Kamis, 12 September 2013

At Coffee Shop



            A cup of Iced Americano dan alunan musik jazz menemaniku ditengah gerimis ini di sebuah coffee shop, tempat kami biasa bertemu. Ah, mungkin lebih tepatnya bukan bertemu. Tempat ini hanya sebagai ‘perantara’ antara aku dan degupan jantungku yang lebih cepat dari biasanya ‘bertemu’ dengan seorang gadis berkacamata yang sangat cantik. Setiap pukul 3 sore, sepulang kerja aku selalu standby disini, di meja nomor 19 yang berposisi tepat di samping jendela, memperhatikan gadis berambut panjang itu menyeberang jalan raya lalu masuk ke kedai kopi ini dan memesan Vanila Latte, lalu sibuk dengan laptopnya. Entah apa yang Ia kerjakan itu, tapi mimik wajahnya selalu serius mengamati laptopnya itu. Dan aku tidak pernah bosan dengan mimik wajah yang tampak lucu di mataku itu.
Namanya Intan. Namanya secantik orangnya. Aku mulai menjadi secret admirernya sejak 3 minggu yang lalu, disaat aku tidak sengaja menumpahkan kopi karena tersandung dan Ia memberikanku tisu miliknya dengan senyuman terindah yang pernah kulihat sejauh ini. Kata terimakasih pun menjadi sangat sulit kuucapkan karena terpana kecantikannya. Sungguh, mungkin aku bisa di cap sebagai makhluk idiot karena telah jatuh cinta pada pandangan pertama dan menjadi secret admirernya ditambah lagi harus merelakan hampir 2 jam waktuku  hanya untuk memandanginya dari kejauhan.
            Sudah hampir 20 menit aku menunggunya, namun Ia tak kunjung datang. Padahal, hari ini aku sudah mengumpulkan segenap keberanian untuk menyapanya.
“10 menit lagi, Ahsan. Tunggu sebentar lagi.” Batinku.
            Aku bahkan menungguinya lagi selama 20 menit.
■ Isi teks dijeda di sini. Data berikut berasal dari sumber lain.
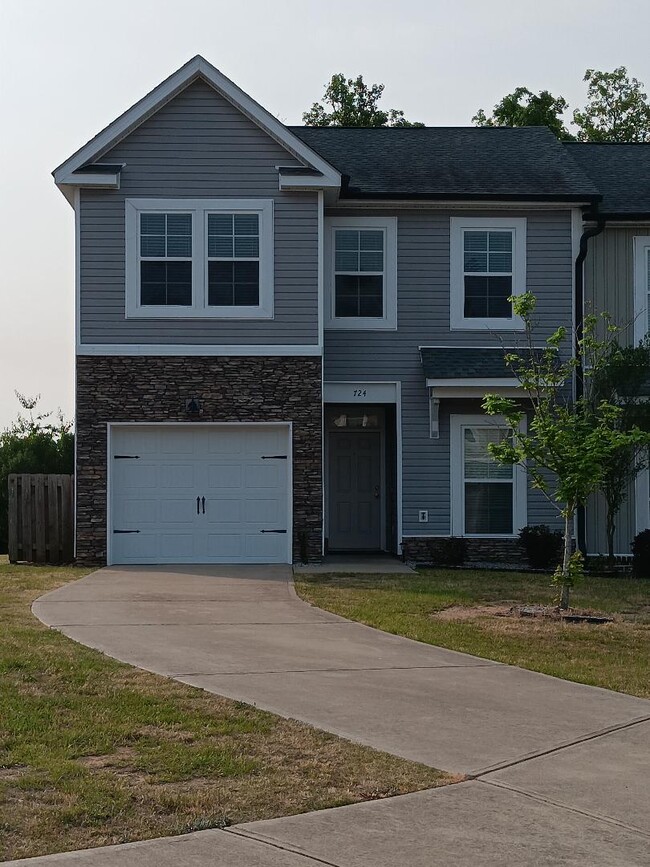 Photo - 724 Buddy Ct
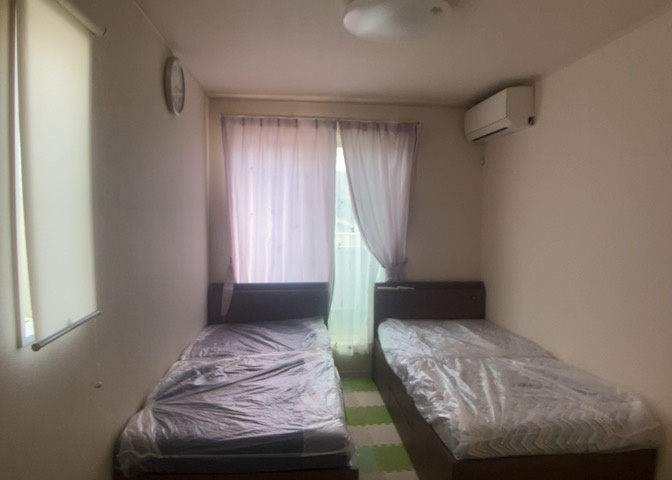 寝室でゆっくりと過ごすためにはベッド周りの適度な空間を担保することや窓の位置、照明の明るさ、寝室の広さなどを考える必要があります。自身や家族の構成とライフスタイルに併せて寝室にする部屋を選びましょう！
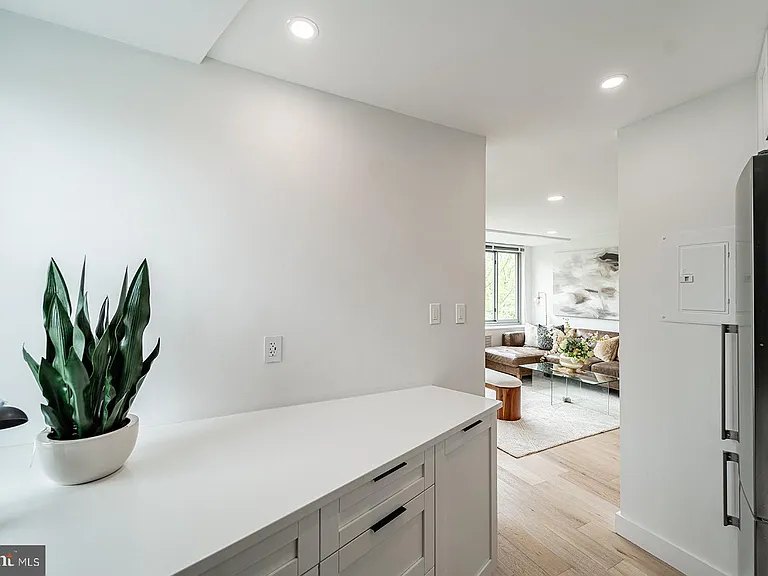 4200 Cathedral Ave NW #1005 — Photo 26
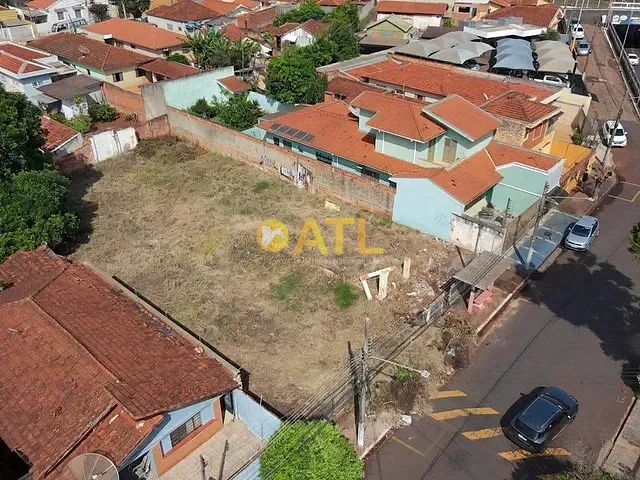 Terreno com 980m², à venda, no bairro Vila Mano em Ourinhos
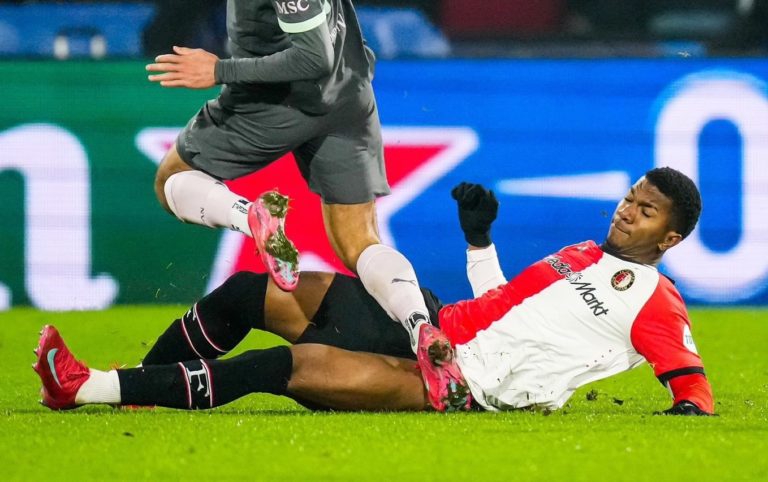 El Feyenoord de Jeyland Mitchell vence al AC Milán en el repechaje de ida de la Champions League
Jadi total aku menunggui Intan adalah 1 jam. “Bodoh.” Hati kecilku berkata demikian.
Kuputuskan untuk menyudahi penantian selama 1 jamku ini, dan bersiap meninggalkan coffee shop ini. Dadaku terasa sesak mengingat betapa bodohnya aku sebagai laki-laki hanya bisa mengaguminya dari jauh, tidak berani menyapanya. Aku tidak hanya kagum padanya, aku mencintainya. Dalam diam.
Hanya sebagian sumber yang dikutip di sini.